#### REQUIRED ACTION
Print the data once more, exactly as given. Drop the pictures.

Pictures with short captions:
# # # # # # #

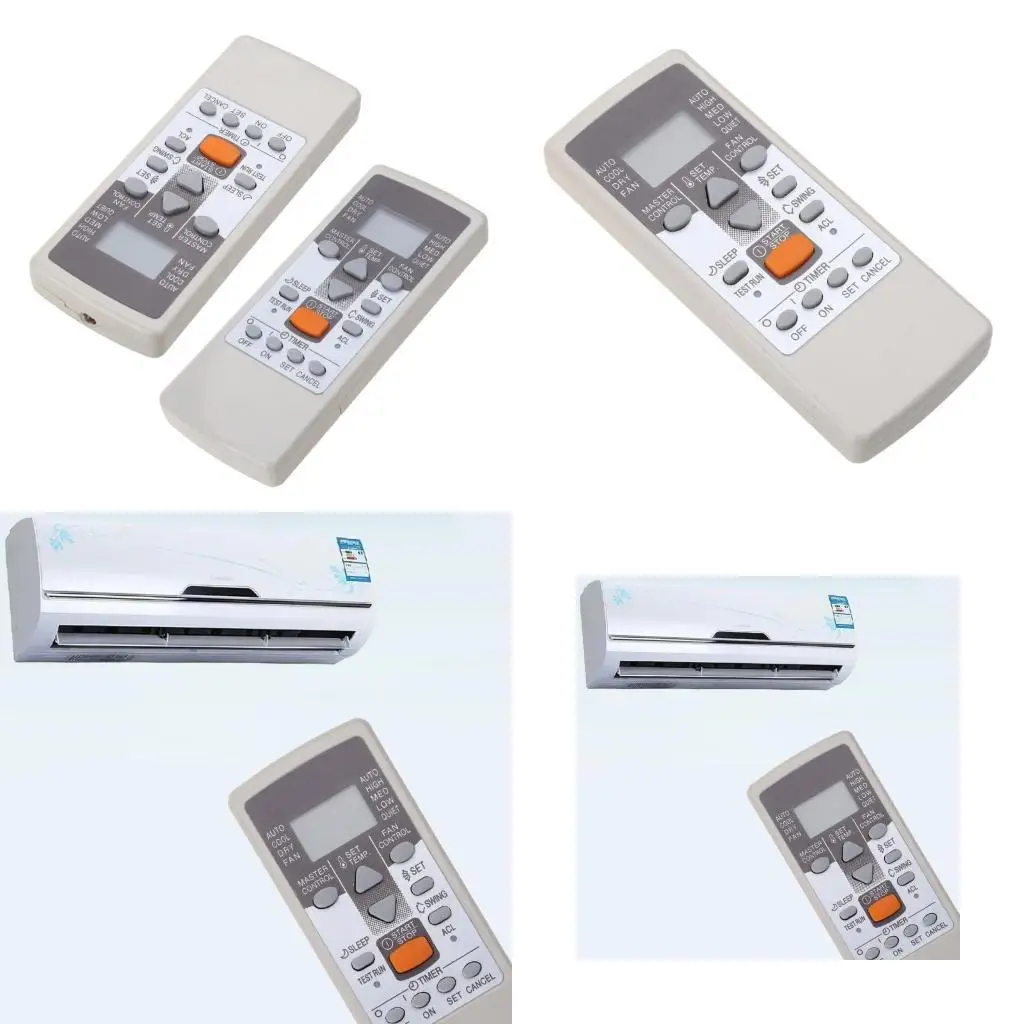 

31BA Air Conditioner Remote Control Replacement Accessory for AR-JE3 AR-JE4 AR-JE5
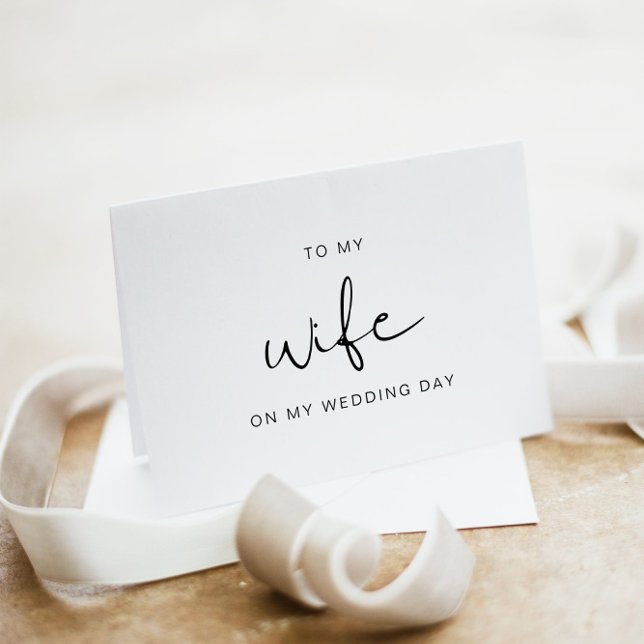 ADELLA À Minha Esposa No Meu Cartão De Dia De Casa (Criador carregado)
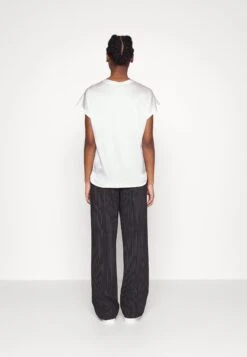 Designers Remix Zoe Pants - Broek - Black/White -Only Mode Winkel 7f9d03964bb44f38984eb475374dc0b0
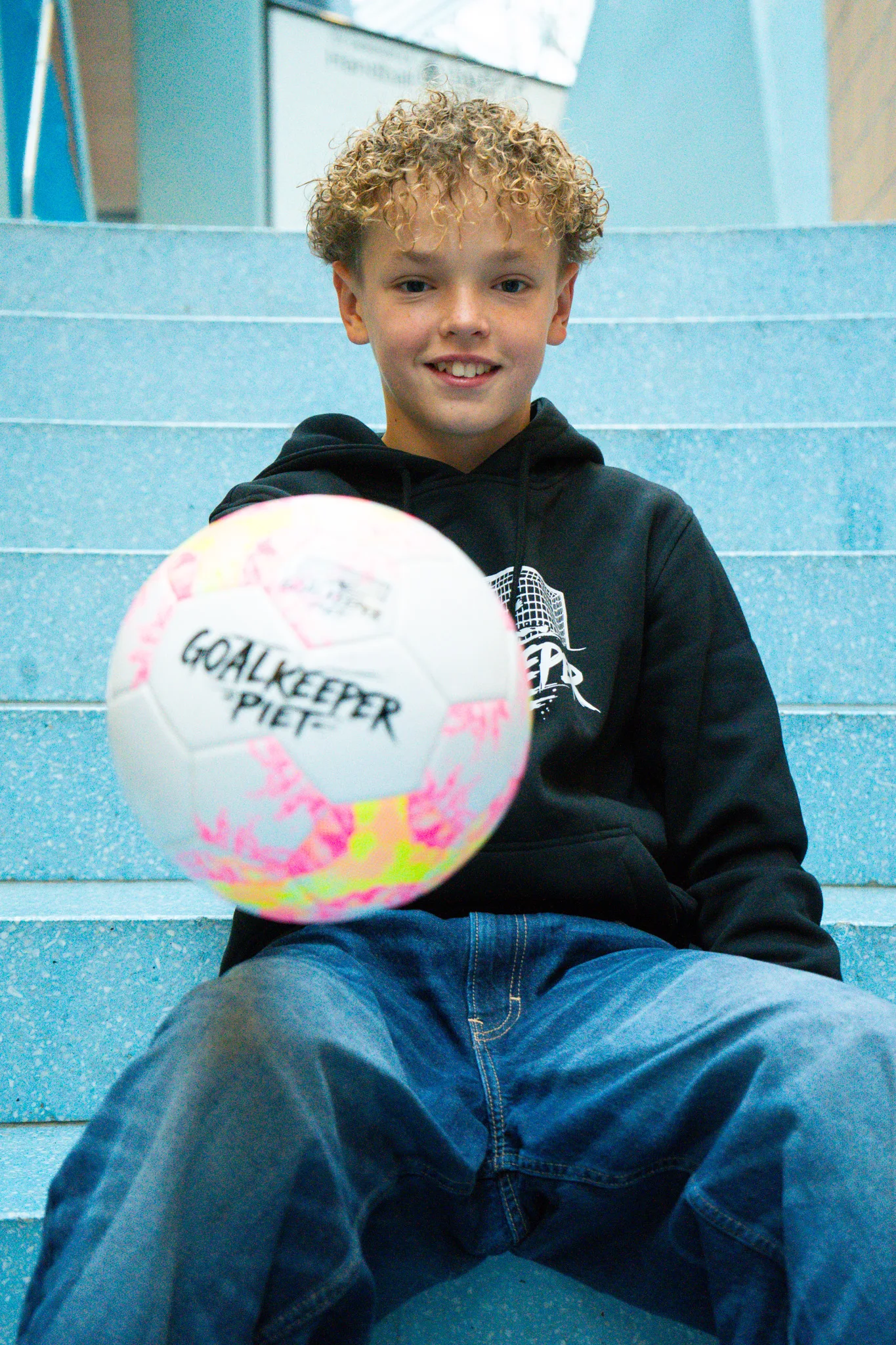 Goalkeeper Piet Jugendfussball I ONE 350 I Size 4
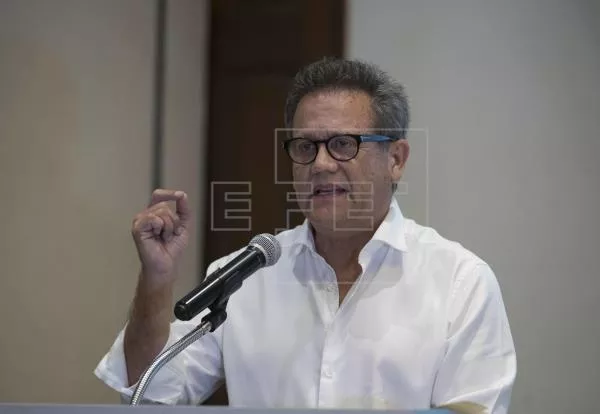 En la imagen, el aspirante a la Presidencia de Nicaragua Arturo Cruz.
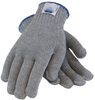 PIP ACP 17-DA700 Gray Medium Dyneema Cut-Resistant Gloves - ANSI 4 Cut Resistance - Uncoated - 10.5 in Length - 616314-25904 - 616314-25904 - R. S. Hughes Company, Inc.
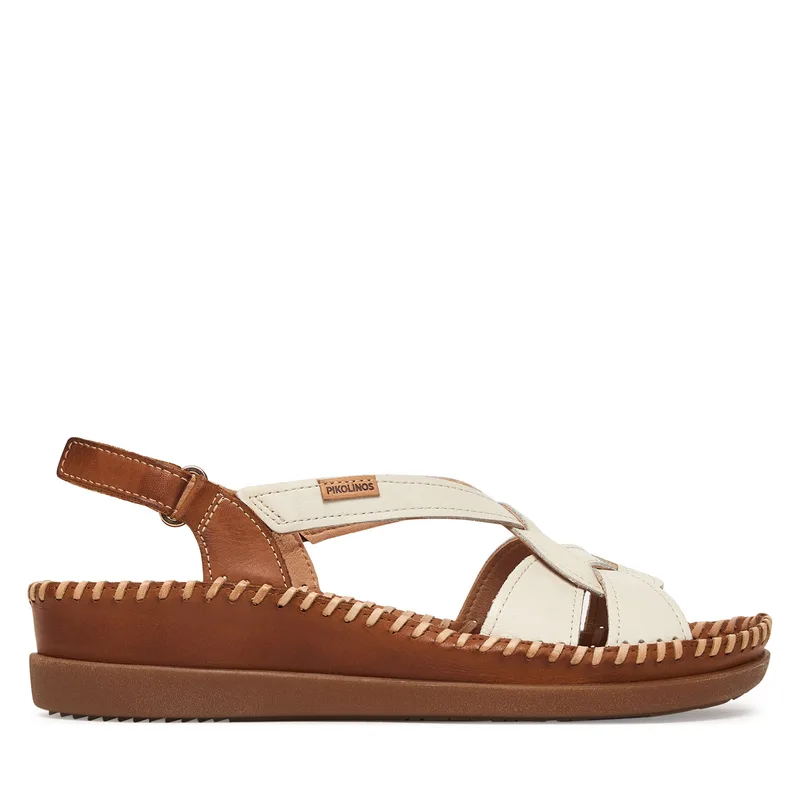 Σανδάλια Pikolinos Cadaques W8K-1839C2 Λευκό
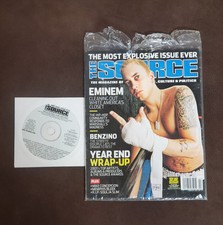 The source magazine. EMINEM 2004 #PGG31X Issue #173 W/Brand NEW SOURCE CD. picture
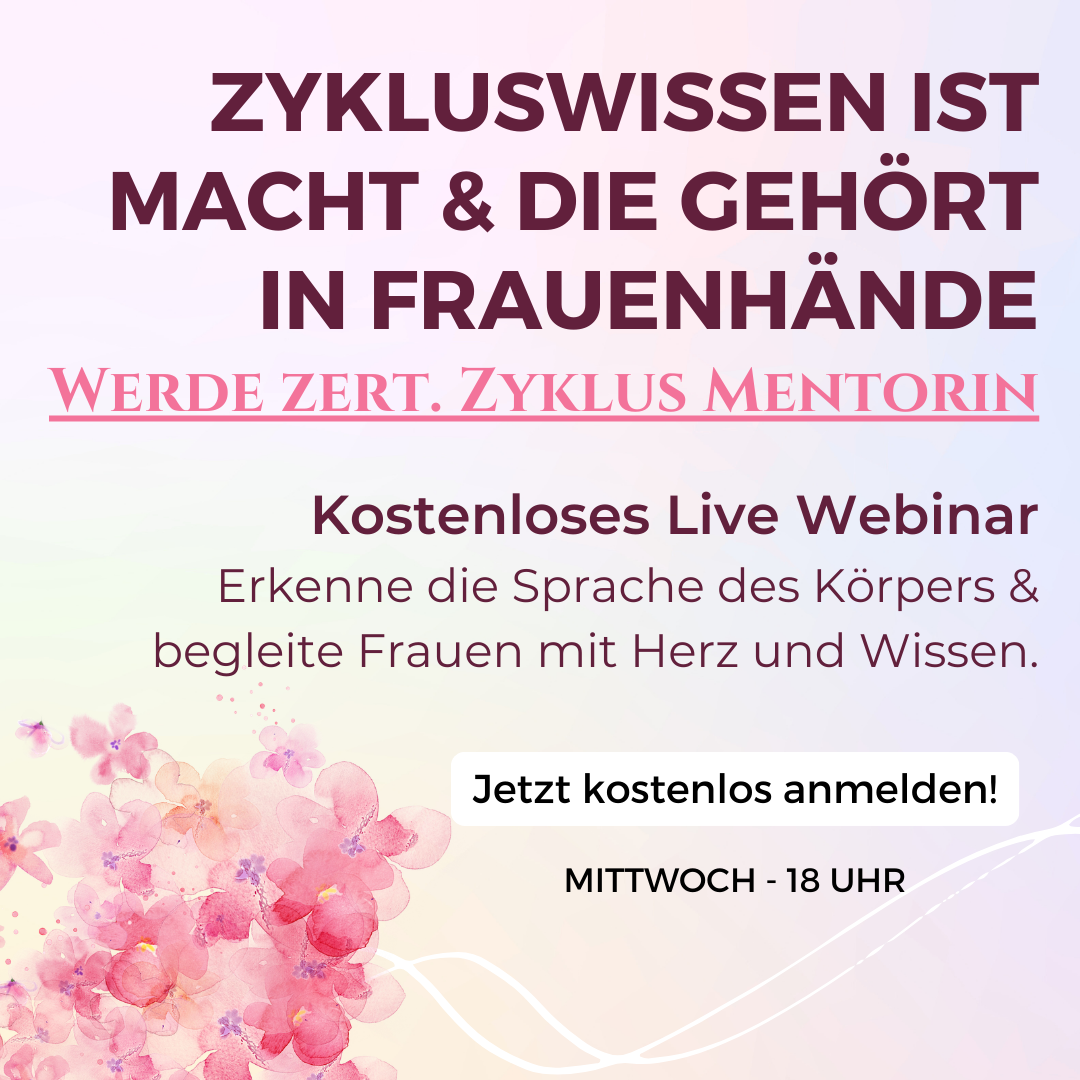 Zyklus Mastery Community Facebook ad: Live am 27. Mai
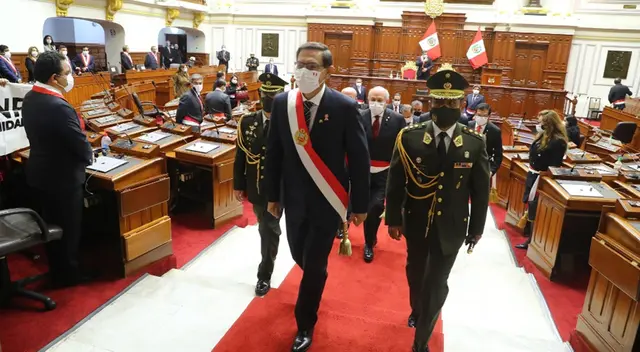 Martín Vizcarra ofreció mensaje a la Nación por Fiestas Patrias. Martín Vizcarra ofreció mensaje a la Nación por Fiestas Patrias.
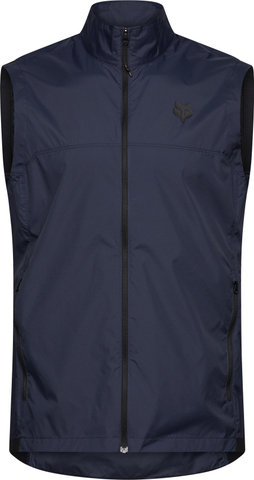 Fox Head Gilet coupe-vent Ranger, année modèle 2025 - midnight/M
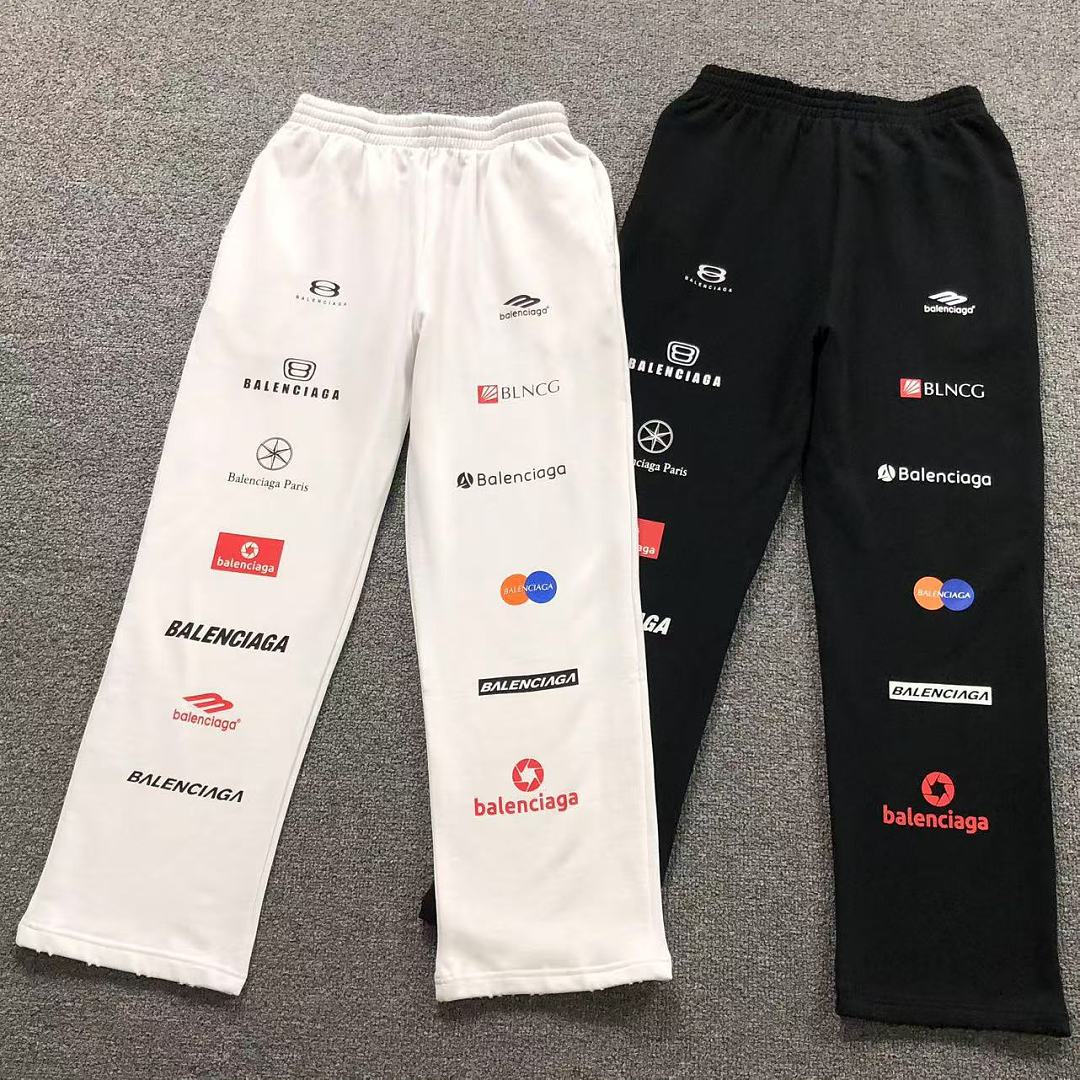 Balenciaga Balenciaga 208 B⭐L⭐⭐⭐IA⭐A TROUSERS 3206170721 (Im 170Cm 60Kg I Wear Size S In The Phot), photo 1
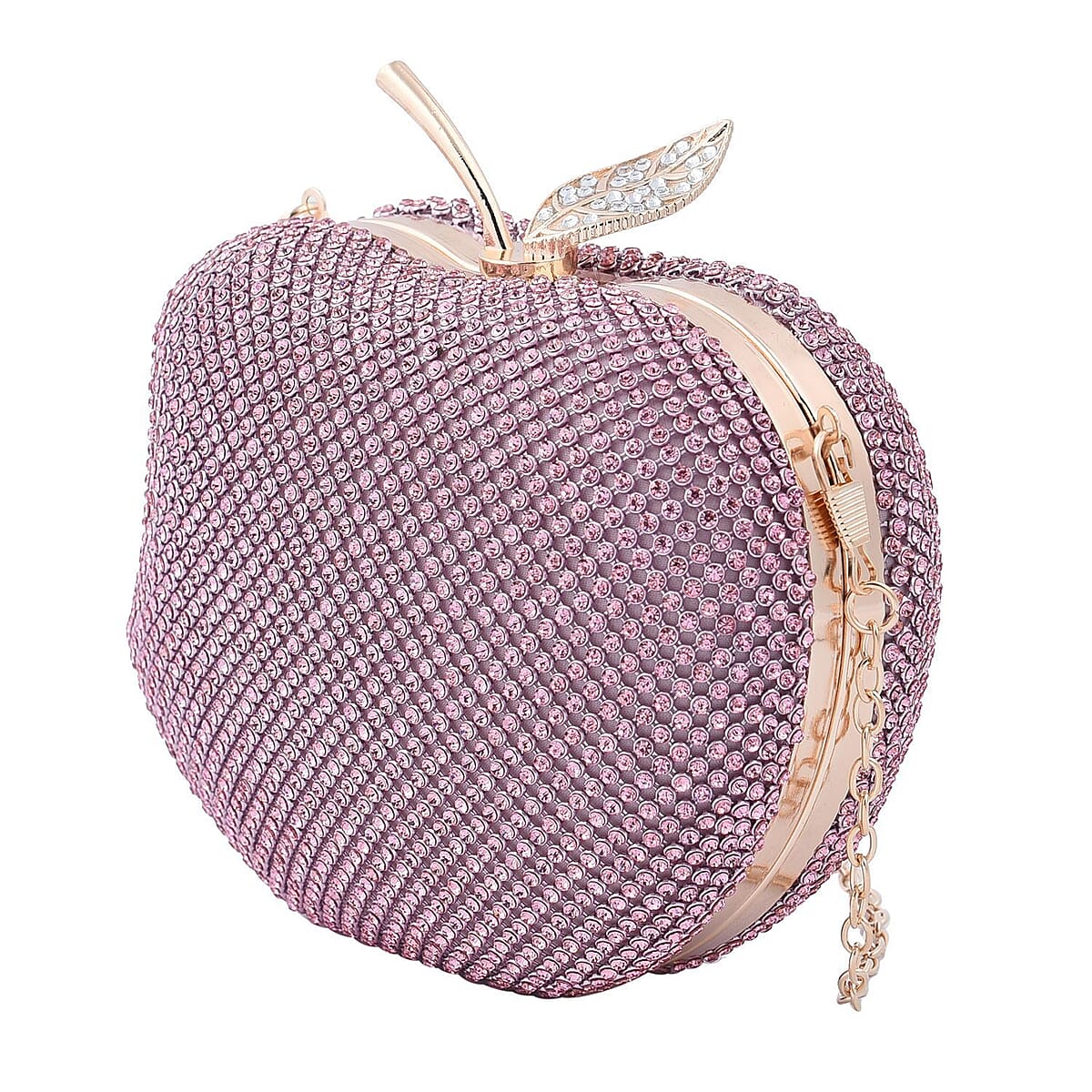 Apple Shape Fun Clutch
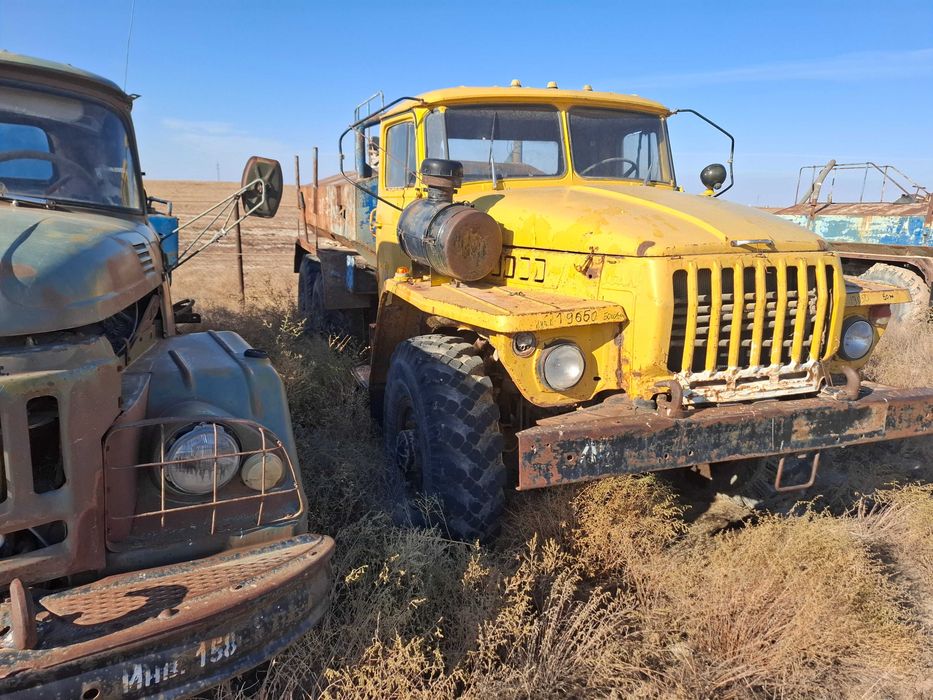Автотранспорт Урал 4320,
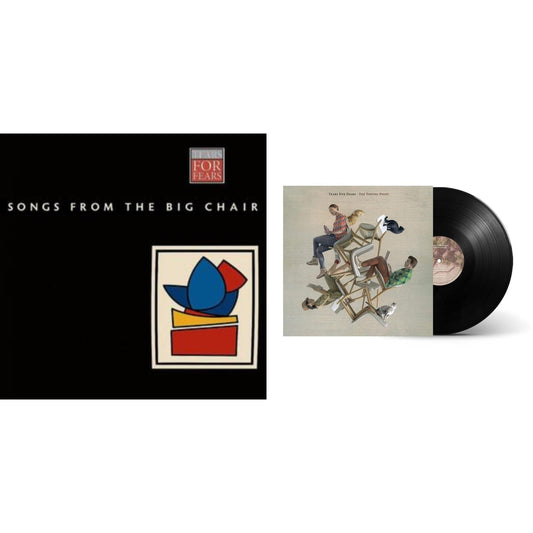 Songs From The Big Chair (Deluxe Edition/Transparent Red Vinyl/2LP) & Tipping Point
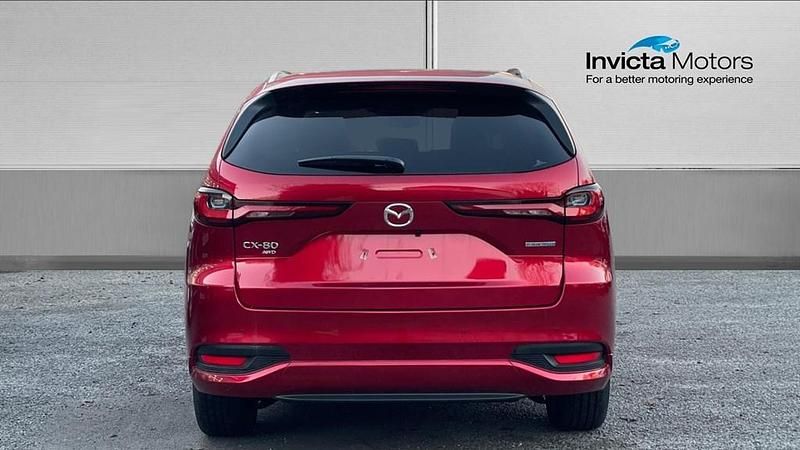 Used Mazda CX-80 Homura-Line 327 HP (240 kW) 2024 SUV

# # # # # # #

#### ANSWER BOX
31BA Air Conditioner Remote Control Replacement Accessory for AR-JE3 AR-JE4 AR-JE5
 ADELLA À Minha Esposa No Meu Cartão De Dia De Casa (Criador carregado)
 Designers Remix Zoe Pants - Broek - Black/White -Only Mode Winkel 7f9d03964bb44f38984eb475374dc0b0
 Goalkeeper Piet Jugendfussball I ONE 350 I Size 4
 En la imagen, el aspirante a la Presidencia de Nicaragua Arturo Cruz.
 PIP ACP 17-DA700 Gray Medium Dyneema Cut-Resistant Gloves - ANSI 4 Cut Resistance - Uncoated - 10.5 in Length - 616314-25904 - 616314-25904 - R. S. Hughes Company, Inc.
 Σανδάλια Pikolinos Cadaques W8K-1839C2 Λευκό
 The source magazine. EMINEM 2004 #PGG31X Issue #173 W/Brand NEW SOURCE CD. picture
 Zyklus Mastery Community Facebook ad: Live am 27. Mai
 Martín Vizcarra ofreció mensaje a la Nación por Fiestas Patrias. Martín Vizcarra ofreció mensaje a la Nación por Fiestas Patrias.
 Fox Head Gilet coupe-vent Ranger, année modèle 2025 - midnight/M
 Balenciaga Balenciaga 208 B⭐L⭐⭐⭐IA⭐A TROUSERS 3206170721 (Im 170Cm 60Kg I Wear Size S In The Phot), photo 1
 Apple Shape Fun Clutch
Автотранспорт Урал 4320,
 Songs From The Big Chair (Deluxe Edition/Transparent Red Vinyl/2LP) & Tipping Point
 Used Mazda CX-80 Homura-Line 327 HP (240 kW) 2024 SUV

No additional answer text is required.